Goal of the exercise: Filter the entries, keeping every line with the word "Used".

[Short descriptive text snippets]

__________________________________________________

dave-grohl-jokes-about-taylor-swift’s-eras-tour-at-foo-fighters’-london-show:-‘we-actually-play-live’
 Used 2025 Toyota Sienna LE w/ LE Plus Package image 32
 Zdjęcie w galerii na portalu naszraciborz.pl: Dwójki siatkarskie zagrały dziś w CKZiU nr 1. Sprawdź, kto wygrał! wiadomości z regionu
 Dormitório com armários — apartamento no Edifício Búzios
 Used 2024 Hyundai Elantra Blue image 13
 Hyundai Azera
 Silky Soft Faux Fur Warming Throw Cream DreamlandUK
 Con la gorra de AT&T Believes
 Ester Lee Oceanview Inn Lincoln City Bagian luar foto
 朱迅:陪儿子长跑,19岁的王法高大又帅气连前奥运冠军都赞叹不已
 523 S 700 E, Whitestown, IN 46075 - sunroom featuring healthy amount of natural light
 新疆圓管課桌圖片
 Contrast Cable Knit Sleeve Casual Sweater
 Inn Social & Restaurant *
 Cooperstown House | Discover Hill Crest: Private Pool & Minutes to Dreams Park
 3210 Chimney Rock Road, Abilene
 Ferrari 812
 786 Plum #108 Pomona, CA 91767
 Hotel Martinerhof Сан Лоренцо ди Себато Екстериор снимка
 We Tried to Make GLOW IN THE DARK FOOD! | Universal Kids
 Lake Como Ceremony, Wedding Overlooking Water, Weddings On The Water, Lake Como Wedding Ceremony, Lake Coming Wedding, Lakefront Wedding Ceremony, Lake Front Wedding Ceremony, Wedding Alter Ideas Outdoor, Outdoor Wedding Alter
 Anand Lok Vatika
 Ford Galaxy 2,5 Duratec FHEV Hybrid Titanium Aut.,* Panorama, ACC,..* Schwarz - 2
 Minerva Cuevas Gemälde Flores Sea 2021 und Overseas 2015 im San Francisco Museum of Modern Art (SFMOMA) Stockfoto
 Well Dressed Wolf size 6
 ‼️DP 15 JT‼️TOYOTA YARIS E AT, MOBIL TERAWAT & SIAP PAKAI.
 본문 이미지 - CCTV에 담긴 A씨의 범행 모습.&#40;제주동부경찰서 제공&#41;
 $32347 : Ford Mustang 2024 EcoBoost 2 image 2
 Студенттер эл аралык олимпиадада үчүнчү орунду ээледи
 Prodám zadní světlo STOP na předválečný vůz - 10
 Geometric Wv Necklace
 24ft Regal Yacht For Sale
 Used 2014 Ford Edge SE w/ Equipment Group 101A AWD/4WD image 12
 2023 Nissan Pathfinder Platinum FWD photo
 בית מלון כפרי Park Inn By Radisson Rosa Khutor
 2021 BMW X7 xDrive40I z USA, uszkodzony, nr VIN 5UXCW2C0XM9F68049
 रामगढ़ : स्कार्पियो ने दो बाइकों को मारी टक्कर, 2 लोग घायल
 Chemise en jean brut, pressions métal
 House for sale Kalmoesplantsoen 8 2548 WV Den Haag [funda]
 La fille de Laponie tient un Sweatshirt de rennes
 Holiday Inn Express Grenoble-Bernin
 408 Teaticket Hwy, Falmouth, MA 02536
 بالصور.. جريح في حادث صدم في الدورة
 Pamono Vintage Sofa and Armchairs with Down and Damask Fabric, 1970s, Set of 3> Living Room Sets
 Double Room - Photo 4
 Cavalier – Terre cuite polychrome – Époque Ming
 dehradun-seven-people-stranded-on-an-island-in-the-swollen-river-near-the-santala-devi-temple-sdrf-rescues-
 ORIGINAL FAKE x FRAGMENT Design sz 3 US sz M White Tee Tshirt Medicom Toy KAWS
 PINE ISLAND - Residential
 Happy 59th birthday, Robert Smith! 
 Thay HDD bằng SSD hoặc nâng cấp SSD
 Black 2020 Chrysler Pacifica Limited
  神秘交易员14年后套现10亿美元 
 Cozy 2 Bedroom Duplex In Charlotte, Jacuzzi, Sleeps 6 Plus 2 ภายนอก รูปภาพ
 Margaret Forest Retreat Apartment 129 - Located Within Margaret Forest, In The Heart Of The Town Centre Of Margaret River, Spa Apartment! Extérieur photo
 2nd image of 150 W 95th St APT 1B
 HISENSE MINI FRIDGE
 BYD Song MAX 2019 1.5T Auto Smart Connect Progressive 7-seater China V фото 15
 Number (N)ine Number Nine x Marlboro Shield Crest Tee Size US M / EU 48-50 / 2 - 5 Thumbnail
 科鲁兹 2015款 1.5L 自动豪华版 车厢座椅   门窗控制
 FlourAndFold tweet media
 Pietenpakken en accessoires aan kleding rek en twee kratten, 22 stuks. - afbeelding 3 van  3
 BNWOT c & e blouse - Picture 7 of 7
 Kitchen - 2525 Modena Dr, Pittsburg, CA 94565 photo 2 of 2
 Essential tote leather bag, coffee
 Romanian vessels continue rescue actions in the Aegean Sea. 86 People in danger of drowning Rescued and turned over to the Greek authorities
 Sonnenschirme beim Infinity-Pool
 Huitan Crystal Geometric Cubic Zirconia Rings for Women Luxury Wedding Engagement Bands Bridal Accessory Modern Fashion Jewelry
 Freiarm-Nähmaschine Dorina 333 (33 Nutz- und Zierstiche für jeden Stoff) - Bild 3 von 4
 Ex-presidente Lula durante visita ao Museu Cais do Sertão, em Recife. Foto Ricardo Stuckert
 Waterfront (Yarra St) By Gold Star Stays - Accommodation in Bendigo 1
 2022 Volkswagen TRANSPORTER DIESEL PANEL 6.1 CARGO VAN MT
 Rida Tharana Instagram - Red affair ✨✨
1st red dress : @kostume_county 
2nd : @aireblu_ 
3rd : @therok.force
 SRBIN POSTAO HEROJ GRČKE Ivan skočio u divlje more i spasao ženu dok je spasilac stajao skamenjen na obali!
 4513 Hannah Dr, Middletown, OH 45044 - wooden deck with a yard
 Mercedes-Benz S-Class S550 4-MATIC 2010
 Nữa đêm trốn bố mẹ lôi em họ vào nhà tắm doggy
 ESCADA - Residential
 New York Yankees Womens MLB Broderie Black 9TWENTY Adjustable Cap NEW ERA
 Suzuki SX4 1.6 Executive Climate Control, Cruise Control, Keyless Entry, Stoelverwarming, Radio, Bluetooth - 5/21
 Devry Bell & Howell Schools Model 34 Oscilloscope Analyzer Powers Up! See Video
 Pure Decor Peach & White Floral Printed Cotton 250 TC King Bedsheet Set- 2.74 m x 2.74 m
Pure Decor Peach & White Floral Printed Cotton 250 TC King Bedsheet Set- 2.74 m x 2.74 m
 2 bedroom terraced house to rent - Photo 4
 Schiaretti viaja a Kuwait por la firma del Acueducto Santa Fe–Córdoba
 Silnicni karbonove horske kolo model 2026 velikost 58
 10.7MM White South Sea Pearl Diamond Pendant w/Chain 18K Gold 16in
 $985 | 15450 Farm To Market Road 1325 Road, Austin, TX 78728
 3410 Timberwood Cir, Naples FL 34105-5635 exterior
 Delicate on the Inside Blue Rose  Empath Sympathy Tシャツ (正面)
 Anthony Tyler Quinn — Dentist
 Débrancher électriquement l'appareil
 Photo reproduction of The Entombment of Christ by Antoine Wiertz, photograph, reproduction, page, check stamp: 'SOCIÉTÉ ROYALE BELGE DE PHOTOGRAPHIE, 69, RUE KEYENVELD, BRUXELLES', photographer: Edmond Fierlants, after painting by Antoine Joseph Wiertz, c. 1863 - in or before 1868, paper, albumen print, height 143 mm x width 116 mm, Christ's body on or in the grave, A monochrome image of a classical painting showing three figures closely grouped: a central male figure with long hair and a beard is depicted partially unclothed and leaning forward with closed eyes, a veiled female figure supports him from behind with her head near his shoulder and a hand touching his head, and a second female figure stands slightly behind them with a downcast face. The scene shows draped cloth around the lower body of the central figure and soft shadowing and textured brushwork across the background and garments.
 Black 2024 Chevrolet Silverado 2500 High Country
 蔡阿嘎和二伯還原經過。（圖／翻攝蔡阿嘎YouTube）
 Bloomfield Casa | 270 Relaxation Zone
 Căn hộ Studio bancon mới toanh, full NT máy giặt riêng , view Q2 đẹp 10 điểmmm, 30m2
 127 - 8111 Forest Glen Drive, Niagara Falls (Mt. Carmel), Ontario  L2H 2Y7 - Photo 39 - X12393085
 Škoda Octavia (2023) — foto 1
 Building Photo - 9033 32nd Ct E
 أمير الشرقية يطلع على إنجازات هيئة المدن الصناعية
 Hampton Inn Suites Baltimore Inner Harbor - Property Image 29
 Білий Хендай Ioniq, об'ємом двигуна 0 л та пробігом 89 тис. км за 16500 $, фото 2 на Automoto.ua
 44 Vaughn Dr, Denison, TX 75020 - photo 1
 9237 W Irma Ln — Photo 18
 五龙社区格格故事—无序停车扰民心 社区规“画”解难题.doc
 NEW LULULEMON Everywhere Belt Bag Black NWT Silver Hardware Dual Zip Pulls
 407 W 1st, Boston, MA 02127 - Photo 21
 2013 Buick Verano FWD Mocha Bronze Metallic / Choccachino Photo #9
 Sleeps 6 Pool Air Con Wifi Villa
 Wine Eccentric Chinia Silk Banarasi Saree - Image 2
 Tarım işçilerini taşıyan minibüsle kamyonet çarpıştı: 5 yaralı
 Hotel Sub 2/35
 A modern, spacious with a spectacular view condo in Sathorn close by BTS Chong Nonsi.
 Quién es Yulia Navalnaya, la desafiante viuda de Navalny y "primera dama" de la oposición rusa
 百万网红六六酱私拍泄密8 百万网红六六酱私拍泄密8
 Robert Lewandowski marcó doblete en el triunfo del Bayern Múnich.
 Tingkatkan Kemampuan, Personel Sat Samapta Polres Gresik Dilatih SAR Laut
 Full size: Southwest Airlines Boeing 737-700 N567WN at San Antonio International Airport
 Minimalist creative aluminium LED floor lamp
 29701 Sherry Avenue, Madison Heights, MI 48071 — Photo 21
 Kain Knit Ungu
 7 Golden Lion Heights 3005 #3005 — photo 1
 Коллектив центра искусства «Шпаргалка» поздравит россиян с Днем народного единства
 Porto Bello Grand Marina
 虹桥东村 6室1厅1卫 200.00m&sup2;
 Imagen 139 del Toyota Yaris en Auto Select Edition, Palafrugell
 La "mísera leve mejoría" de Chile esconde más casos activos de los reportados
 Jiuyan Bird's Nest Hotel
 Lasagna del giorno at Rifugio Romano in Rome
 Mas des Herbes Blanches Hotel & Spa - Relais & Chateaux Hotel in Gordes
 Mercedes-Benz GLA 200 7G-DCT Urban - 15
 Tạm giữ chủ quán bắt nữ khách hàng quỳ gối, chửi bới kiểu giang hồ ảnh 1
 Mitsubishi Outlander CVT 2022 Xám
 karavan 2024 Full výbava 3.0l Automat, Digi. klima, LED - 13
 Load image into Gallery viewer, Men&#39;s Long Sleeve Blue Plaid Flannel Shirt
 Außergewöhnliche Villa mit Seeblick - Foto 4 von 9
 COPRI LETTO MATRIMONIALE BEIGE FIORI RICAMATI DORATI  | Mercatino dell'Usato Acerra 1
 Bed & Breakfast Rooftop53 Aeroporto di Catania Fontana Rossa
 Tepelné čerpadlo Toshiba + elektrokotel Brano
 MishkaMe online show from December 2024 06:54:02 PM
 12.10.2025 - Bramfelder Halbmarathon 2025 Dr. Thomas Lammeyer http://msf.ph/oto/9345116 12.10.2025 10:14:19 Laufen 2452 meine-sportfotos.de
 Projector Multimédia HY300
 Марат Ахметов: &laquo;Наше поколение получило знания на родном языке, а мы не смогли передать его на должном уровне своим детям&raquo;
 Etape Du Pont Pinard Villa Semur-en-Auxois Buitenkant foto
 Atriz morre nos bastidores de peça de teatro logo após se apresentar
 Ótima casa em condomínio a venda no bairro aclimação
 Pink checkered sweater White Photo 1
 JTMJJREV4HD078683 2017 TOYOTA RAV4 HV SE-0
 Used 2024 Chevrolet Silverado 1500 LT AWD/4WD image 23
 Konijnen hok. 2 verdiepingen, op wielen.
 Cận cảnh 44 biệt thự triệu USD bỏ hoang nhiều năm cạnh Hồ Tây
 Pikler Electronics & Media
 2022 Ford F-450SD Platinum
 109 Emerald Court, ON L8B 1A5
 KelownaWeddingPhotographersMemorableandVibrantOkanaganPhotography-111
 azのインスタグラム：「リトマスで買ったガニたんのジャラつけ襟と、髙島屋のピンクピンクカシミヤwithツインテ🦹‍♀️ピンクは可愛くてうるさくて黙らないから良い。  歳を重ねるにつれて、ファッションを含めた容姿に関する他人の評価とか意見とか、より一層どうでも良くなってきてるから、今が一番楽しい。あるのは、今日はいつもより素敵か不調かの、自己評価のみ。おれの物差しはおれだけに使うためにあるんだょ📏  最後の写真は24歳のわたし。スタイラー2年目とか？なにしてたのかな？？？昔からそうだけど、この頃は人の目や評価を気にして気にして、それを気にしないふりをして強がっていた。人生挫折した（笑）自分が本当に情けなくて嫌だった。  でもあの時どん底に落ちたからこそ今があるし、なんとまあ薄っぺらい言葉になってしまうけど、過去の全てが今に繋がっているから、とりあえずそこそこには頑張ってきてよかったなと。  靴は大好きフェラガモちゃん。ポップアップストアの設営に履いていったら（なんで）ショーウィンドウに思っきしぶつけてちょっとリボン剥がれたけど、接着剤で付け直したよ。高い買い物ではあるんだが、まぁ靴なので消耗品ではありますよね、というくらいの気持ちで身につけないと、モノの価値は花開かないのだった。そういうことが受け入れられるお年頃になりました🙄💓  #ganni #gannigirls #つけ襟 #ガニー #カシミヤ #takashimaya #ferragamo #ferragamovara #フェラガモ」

__________________________________________________

Answer box:
 Used 2025 Toyota Sienna LE w/ LE Plus Package image 32
 Used 2024 Hyundai Elantra Blue image 13
 Used 2014 Ford Edge SE w/ Equipment Group 101A AWD/4WD image 12
 Used 2024 Chevrolet Silverado 1500 LT AWD/4WD image 23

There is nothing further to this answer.